Brooke P. Hunter … in her piece … “How the Mormons Punked the Press” … described the press conference as “mostly about defending Mormons’ right to discriminate.” She said “the new Mormon position is like that candy with a razor blade inside” and added
Today’s press conference took place in a twilight zone where parents are in danger of being jailed for teaching their kids about Jesus, and where believers can’t “share their views openly in the public square.” Oh, please. Show me the Mormons who have been jailed for sharing their views. There are none. And if you can point to one instance of the government preventing good Mormons from practicing their religion in their homes, we’ll eat our hat.
Hunter envisions a very narrow scope for religious liberty that largely exiles religion from the public sphere and relegates it to the privacy of one’s own home. This is because she dismisses the idea of religious liberty as religious. She decries Mormons for wanting “special privileges and special rights for churches and for religious people.” Well yes, in order to be religious liberty it has to be liberty specifically for religion and religious considerations.

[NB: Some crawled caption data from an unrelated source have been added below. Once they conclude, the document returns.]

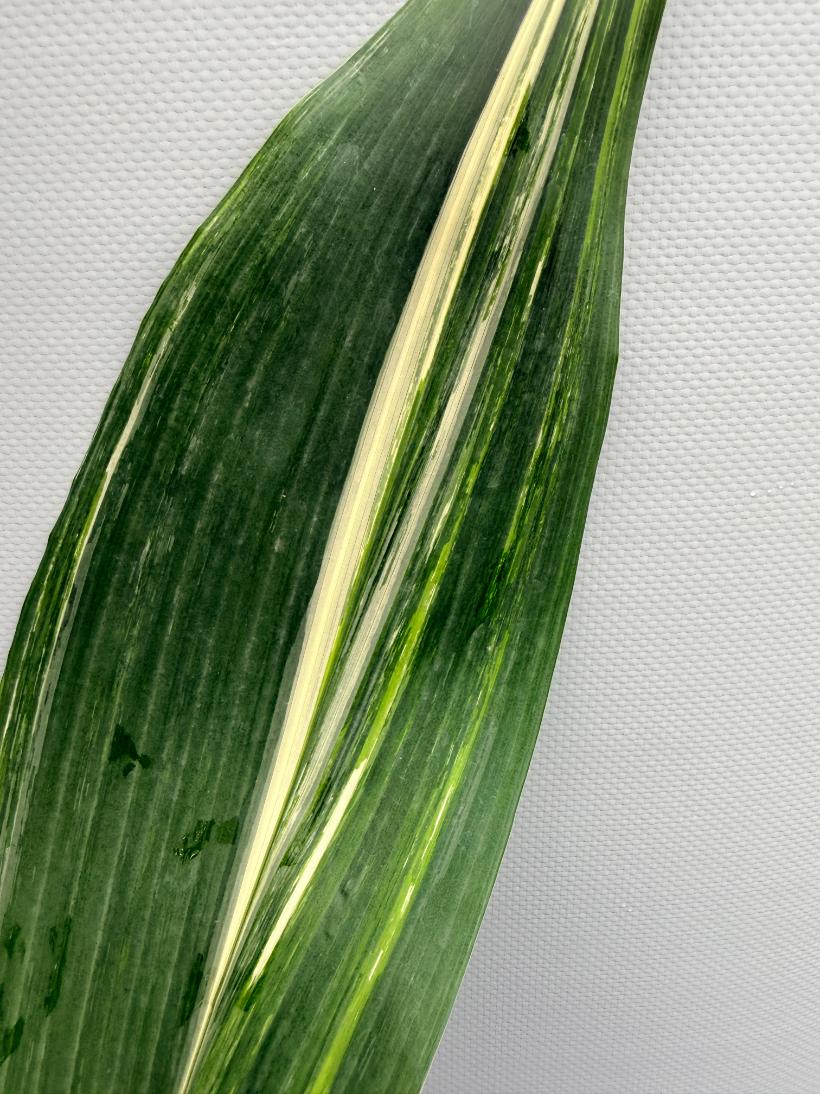 Aspidistra Elatior Variegata  foglia n 2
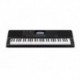 Casio CT-X700 - Clavier arrangeur 61 notes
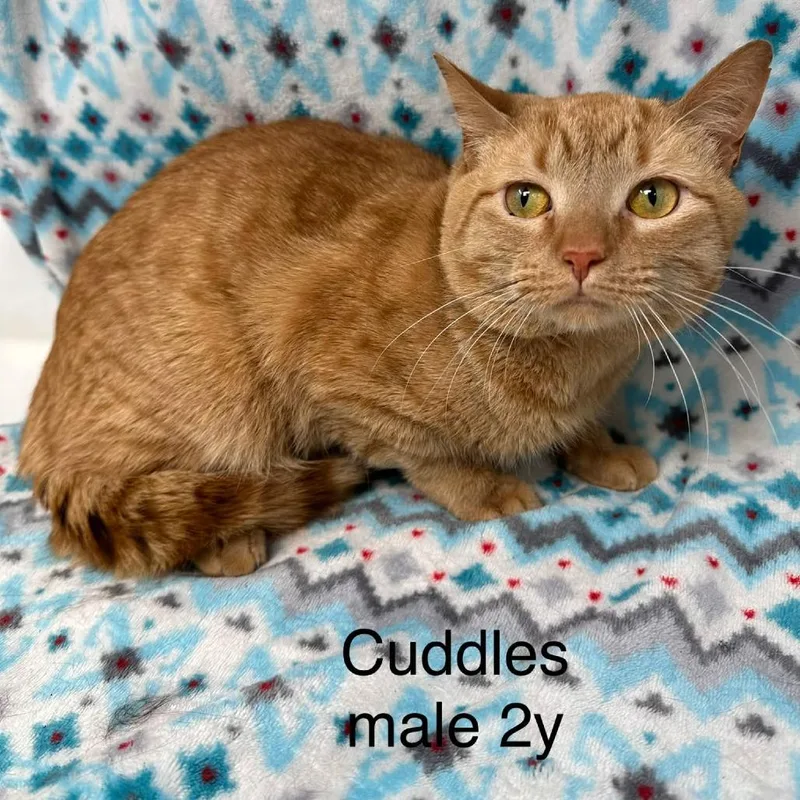 An adult medium-sized male Domestic Short Hair cat named Cuddles for adoption in New Tazewell, TN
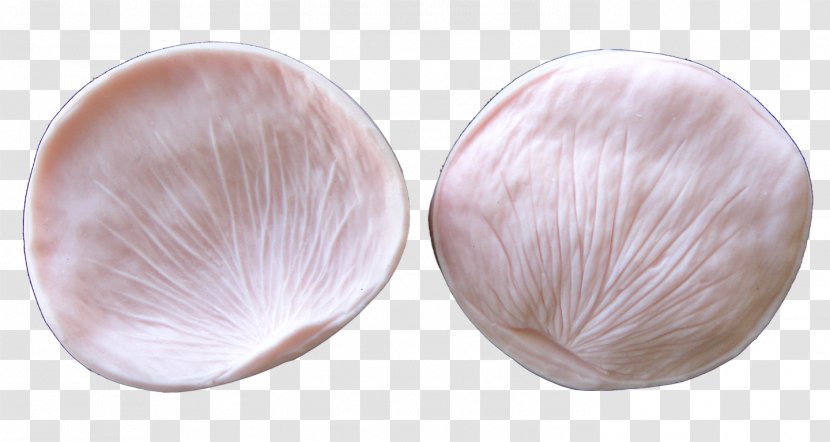 Skin Petal Tableware - Rose Transparent PNG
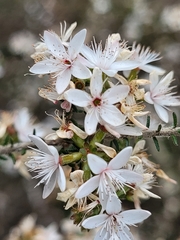 Calytrix alpestris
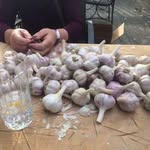 Bernie Dick - @cpgarlic - Instagram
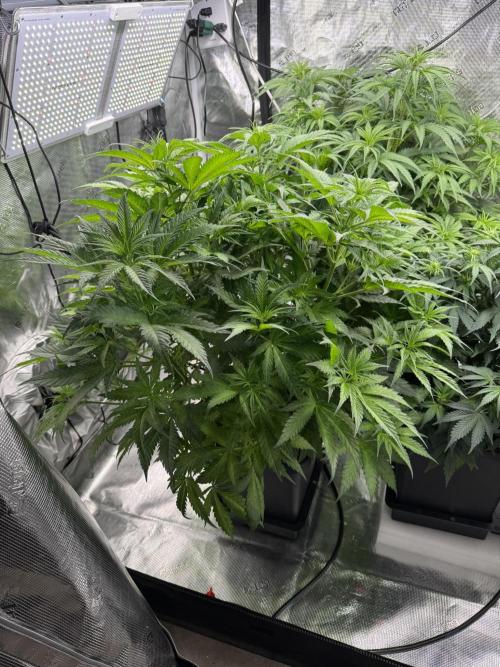 Maui Wowie. Week 7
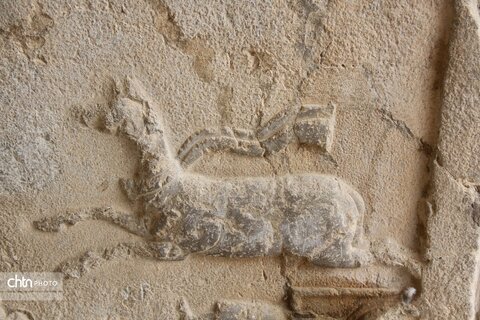 شکارگاه گوزن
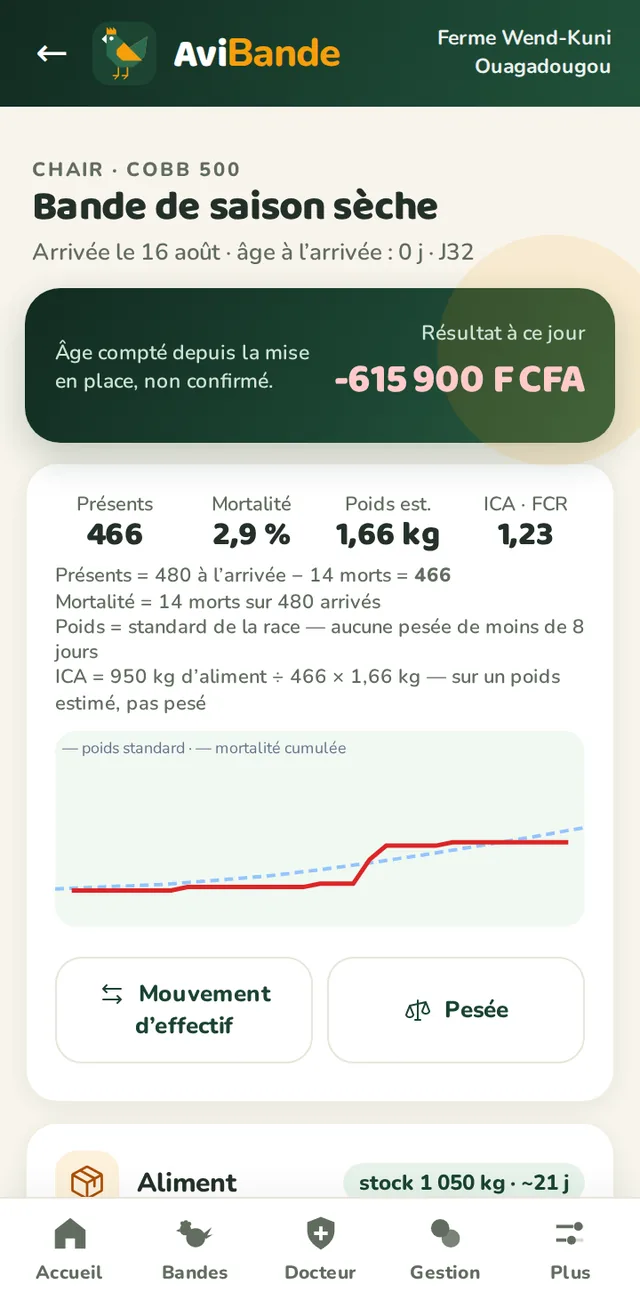 Fiche d’une bande : présents, mortalité, poids estimé, indice de consommation, courbe face au standard et résultat à ce jour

Hunter’s conception of religious liberty amounts to only the protection for religious activities afforded by non-religious rights such as free speech and privacy (thus her examples of sharing views and practicing religion in one’s own home). This is not a grudging acceptance of religious liberty or even an incremental reduction in scope. It reflects the complete eradication of religious liberty as an independent concept. The fact that this attitude is so widespread, and also that it is so innocent of its own novel and radical nature, goes a long way towards vindicating the fears of religious people. If and when Hunter’s views of religious liberty are reflected in law and policy, religious liberty will cease to have any meaning at all.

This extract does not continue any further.